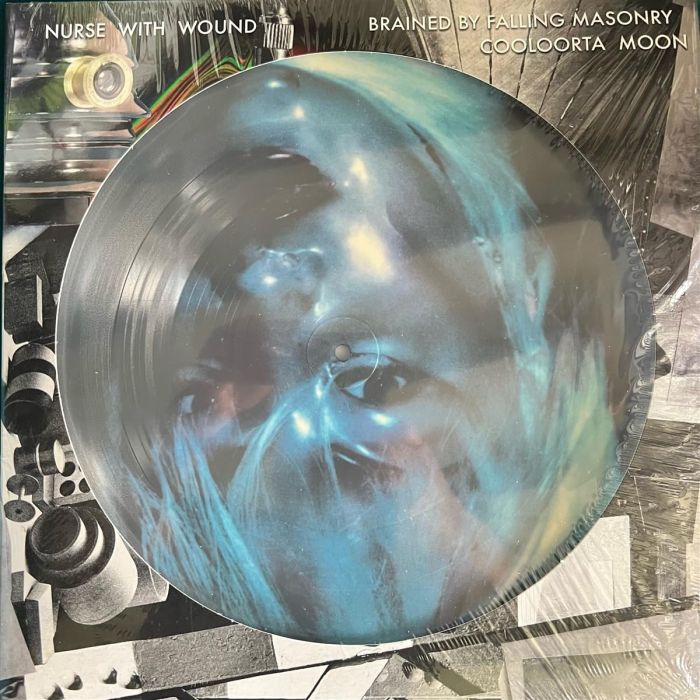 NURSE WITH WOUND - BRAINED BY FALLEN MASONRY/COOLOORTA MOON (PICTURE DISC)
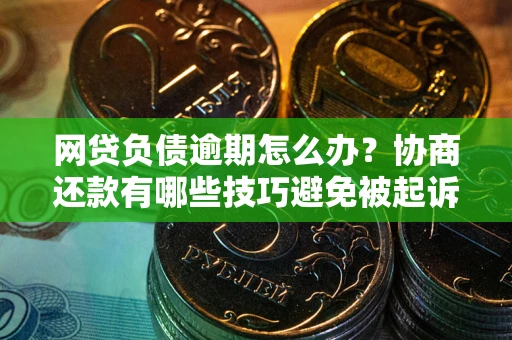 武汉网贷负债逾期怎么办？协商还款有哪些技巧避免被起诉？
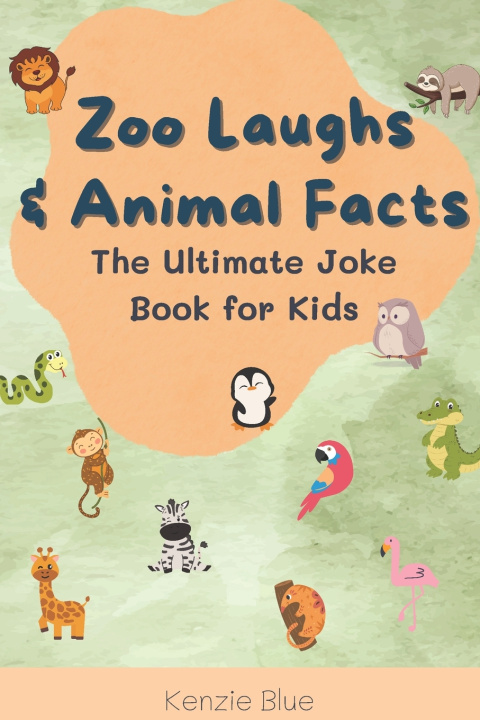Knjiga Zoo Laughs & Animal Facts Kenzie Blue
--
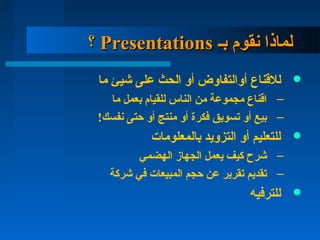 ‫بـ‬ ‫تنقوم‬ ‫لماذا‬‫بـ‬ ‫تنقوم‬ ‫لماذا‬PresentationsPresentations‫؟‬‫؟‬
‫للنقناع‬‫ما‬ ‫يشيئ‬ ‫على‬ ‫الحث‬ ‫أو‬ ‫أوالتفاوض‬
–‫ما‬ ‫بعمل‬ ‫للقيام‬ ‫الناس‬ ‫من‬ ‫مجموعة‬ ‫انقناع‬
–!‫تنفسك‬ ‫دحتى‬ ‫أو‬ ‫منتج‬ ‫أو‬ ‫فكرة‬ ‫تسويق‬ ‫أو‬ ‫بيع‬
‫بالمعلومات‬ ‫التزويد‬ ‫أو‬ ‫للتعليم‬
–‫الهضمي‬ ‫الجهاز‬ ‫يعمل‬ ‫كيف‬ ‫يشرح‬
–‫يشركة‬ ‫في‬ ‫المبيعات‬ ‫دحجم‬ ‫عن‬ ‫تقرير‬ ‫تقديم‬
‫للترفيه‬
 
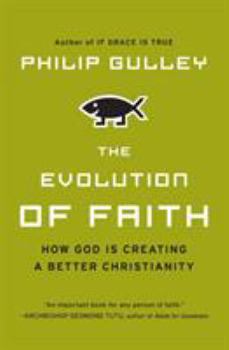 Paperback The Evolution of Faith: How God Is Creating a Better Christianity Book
---
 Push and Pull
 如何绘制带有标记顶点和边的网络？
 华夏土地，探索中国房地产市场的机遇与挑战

§ **PROBLEM STATEMENT**:
Using the entries above, repeat exactly the lines from the one with "NURSE WITH WOUND" to the one with "Knjiga Zoo Laughs & Animal Facts Kenzie Blue", both included, and leave the pictures behind.

§ **RESULT FOR THIS TASK**:
 NURSE WITH WOUND - BRAINED BY FALLEN MASONRY/COOLOORTA MOON (PICTURE DISC)
 武汉网贷负债逾期怎么办？协商还款有哪些技巧避免被起诉？
Knjiga Zoo Laughs & Animal Facts Kenzie Blue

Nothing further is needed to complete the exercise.